TO FLOAT IN THE SPACE BETWEEN
BY TERRANCE HAYES
I’ve found myself coming back to Terrance Hayes’ To Float in the Space Between (Wave, 2018) again and again over the past year—and I think I’ll be returning to it for many years to come. After I read a book I really love I tend to read it again hopping around randomly, piece by piece, to relive the most impactful moments of it, and to see how my eyes change, and feelings change, in relation to that first reading. From considerations of black masculinities and various traditions within American poetry to an incredible meditative structure on the life and work of Etheridge Knight (from which the title is drawn) to breathtaking memoir-like moments that allow us to see Hayes’ reflect on his own life and work, I’m just so grateful for this book. In an early moment, Hayes’ zooms out and talks about the difference between how a scholar and a poet read and study the work of a poet:
“The scholar looks upon his subject as if through a window. The scholar aims to frame the poet’s work according to things like genre, talent, culture, history. A clear pane of logic, interpretation, and appreciation separates him from his subject. Conversely, a poet looking upon the poetry of another poet sees something of himself reflected in the pane. Process, imitation, and competition are reflected in the work. A poet looks upon the work of another poet not only through a window but also through a mirror. (Please forgive my generalizations).” (9)
It’s this kind of self-aware thoughtfulness that sets the stage for the other books I’m reading right now, which draw from my often quite mixed-up impulses as a poet, PhD student, and translator. Because I’m now in my PhD’s dissertation phase, a lot of what I’m reading also includes critical texts. I’m curious about the ways that kind of writing lives alongside the creative writer in me. The tension is a challenge at times and I think, as a practice of reading widely, that kind of challenge is fundamentally useful.

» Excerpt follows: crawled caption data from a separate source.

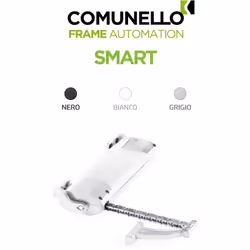 Comunello - Bianco mod. MSMART20H0W00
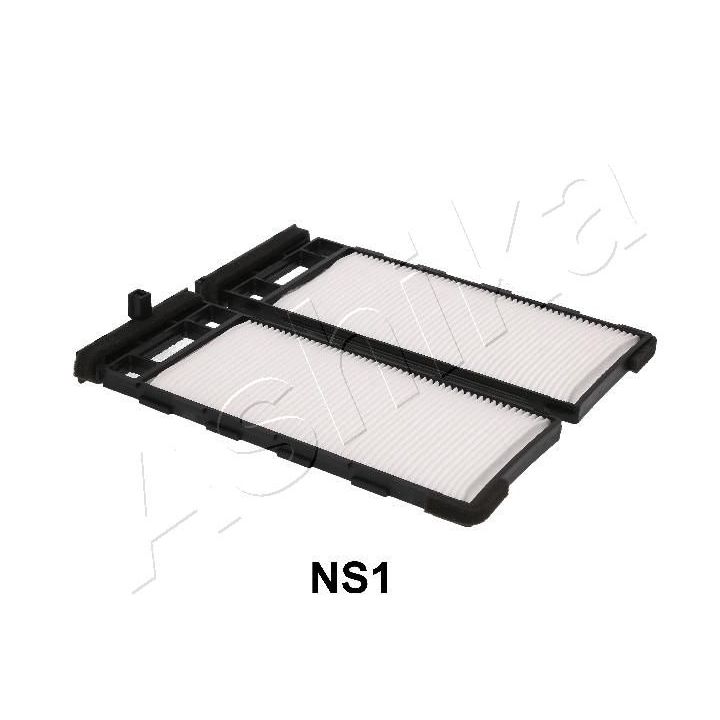 Filtras, salono oras ASHIKA 21-NS-NS1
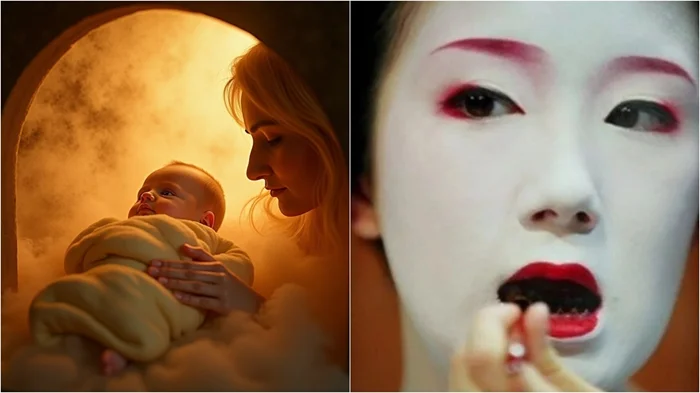 Неожиданно, но эффективно: 5 полезных, хоть и странных, привычек древних людей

The Poetry of the Americas: From Good Neighbors to Countercultures
BY HARRIS FEINSOD
Harris Feinsod’s Poetry of the Americas: From Good Neighbors to Countercultures (Oxford UP, 2017) is such a joy and valuable read right now because of the way that his historiography of American poetry embraces the continental meaning of the word American and painstakingly details the transnational relationships and influences that have defined so much of what we might too easily define as [United States’] American poetry. Feinsod’s work emphasizes the fact that everything, from a poets’ writerly influences to sociopolitical repercussions, never takes place in a national vacuum, so to situate United States’ poetry as one curious node in that broader context of national identities and (post)colonial languages is so valuable. My dissertation work is focused on understanding the relationships between Afrodescendant writers across the Americas, but particularly the translation efforts between black US poet-translators and AfroCuban poets, so Feinsod’s transnational historiography is a useful example of how to broaden our understanding of a poet’s life and work beyond a single national context.

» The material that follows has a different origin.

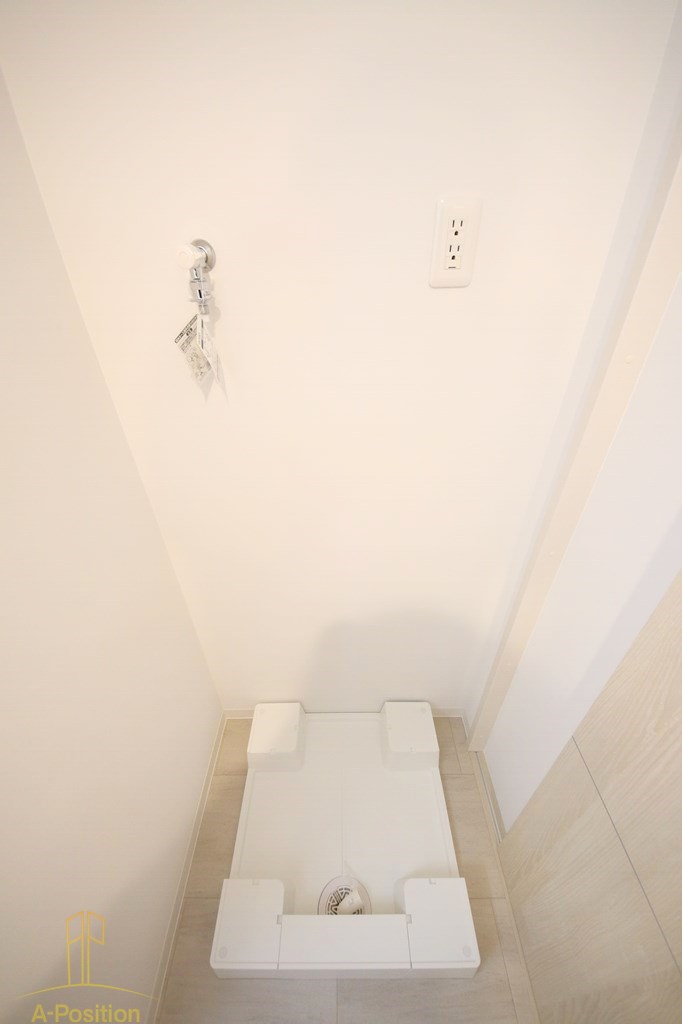 その他設備　リュエルうめきた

Una suave tierna linea de montañas azules: Nicolás Guillén y Haiti
BY EMILIO JORGE RODRIGUEZ
Emilio Jorge Rodríguez’s Una suave tierna linea de montañas azules: Nicolás Guillén y Haiti (Casa de las Américas, 2017), which I’ll provisionally translate here as A Soft, Tender Line of Blue Mountains: Nicolás Guillén and Haiti, has also been an amazing discovery for me because of the way it thinks through the Afrodiasporic relationships between Nicolás Guillén, a giant of Cuban letters in the twentieth century, and contemporaneous Haitian writers and thinkers. My own travels and studies have made it clear to me that Afrodescendant peoples born in various countries around the Americas have an underexplored, fraught, nuanced relationship to not only our own national identities, but also to other Afrodescendants that deal with the histories and ongoing repercussions of colonial racialization in their various national and transnational contexts. Jorge Rodríguez’s contribution goes a long way in helping to document the fascinating history of Cuban-Haitian literary relationships that are so often ignored.
Selected Poems
by Lorna Goodison
Buck Studies
by Douglas Kearney
But back to the poetry! Over the past few years, I’ve found myself counterbalancing different genres of books in order to see how they’ll live together in my own thinking and in my own writing. Right now, even within the realm of poetry, I’m reading Lorna Goodison’s Selected Poems (University of Michigan, 1993) alongside Douglas Kearney’s Buck Studies (Fence Books, 2016) because I love to put wildly distinctive poetic voices in my head at the same time and wait to see how they interact with my own writing. In my own writing process, I’ve learned that reading poems that spark my curiosity often inspires me to focus, experiment, and more courageously write my own. Goodison’s and Kearney’s poems make meaning, build energy, tell “stories”, and buck histories in such wildly different ways that, as of late, I’ve felt most fed when I “float in the space between” their radically different aesthetics.